**About this exercise**.
Set down exactly the lines from the one containing "DIFFERENCE BETWEEN HANDLOOM AND HANDICRAFT?" through the last line of the records below, both included, and nothing else.

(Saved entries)
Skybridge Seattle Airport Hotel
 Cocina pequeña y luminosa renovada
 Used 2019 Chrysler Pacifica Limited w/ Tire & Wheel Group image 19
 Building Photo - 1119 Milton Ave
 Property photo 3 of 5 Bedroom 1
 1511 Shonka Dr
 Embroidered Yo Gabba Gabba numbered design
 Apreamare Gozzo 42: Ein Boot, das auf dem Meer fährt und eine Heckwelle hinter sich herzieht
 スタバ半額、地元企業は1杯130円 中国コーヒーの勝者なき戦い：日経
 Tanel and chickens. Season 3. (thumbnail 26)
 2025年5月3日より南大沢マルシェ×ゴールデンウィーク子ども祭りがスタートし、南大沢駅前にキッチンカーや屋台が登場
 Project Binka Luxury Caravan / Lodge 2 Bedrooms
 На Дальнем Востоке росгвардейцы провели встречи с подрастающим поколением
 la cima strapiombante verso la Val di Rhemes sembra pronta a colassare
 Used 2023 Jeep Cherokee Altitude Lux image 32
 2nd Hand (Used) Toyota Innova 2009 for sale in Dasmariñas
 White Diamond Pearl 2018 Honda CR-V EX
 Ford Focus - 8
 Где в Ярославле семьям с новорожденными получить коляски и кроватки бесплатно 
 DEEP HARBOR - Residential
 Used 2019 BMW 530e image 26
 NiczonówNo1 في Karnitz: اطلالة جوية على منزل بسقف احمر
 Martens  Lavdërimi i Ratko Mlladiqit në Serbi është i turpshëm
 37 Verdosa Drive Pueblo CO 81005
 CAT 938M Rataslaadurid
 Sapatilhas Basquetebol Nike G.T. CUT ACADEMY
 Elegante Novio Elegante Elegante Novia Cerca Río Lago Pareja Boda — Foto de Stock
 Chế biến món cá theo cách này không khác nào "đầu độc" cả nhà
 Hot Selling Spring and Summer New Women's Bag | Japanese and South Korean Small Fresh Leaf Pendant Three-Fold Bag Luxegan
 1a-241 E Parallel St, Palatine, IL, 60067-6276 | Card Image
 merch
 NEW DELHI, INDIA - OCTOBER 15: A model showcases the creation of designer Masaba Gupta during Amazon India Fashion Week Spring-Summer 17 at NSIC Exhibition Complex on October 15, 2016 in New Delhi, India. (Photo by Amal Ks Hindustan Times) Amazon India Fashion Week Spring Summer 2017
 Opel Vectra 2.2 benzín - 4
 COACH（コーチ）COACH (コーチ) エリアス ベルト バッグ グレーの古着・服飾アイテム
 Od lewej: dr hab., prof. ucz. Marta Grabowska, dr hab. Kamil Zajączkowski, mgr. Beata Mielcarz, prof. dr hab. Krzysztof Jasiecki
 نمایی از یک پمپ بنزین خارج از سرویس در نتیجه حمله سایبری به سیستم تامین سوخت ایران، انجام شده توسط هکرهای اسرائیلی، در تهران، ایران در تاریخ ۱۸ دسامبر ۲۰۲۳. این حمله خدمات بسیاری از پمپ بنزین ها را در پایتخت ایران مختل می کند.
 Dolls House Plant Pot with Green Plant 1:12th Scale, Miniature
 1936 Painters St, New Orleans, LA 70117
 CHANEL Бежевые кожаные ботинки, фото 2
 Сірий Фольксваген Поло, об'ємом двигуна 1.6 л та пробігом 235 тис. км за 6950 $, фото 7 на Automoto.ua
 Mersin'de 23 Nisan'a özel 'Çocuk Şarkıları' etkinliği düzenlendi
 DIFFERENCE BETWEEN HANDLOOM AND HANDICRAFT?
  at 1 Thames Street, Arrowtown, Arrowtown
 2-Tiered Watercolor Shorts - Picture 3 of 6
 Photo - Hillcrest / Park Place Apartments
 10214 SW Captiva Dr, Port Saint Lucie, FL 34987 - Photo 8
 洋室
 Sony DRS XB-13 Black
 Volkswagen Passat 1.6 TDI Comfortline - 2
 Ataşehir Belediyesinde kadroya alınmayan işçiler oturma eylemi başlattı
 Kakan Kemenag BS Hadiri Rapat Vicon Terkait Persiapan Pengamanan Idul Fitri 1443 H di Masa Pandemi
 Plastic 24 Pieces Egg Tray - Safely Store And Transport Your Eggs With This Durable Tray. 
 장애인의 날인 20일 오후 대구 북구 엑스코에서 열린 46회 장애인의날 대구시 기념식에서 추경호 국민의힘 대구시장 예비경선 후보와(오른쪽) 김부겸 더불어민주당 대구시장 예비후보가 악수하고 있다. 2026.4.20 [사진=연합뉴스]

**Task solution**.
 DIFFERENCE BETWEEN HANDLOOM AND HANDICRAFT?
  at 1 Thames Street, Arrowtown, Arrowtown
 2-Tiered Watercolor Shorts - Picture 3 of 6
 Photo - Hillcrest / Park Place Apartments
 10214 SW Captiva Dr, Port Saint Lucie, FL 34987 - Photo 8
 洋室
 Sony DRS XB-13 Black
 Volkswagen Passat 1.6 TDI Comfortline - 2
 Ataşehir Belediyesinde kadroya alınmayan işçiler oturma eylemi başlattı
 Kakan Kemenag BS Hadiri Rapat Vicon Terkait Persiapan Pengamanan Idul Fitri 1443 H di Masa Pandemi
 Plastic 24 Pieces Egg Tray - Safely Store And Transport Your Eggs With This Durable Tray. 
 장애인의 날인 20일 오후 대구 북구 엑스코에서 열린 46회 장애인의날 대구시 기념식에서 추경호 국민의힘 대구시장 예비경선 후보와(오른쪽) 김부겸 더불어민주당 대구시장 예비후보가 악수하고 있다. 2026.4.20 [사진=연합뉴스]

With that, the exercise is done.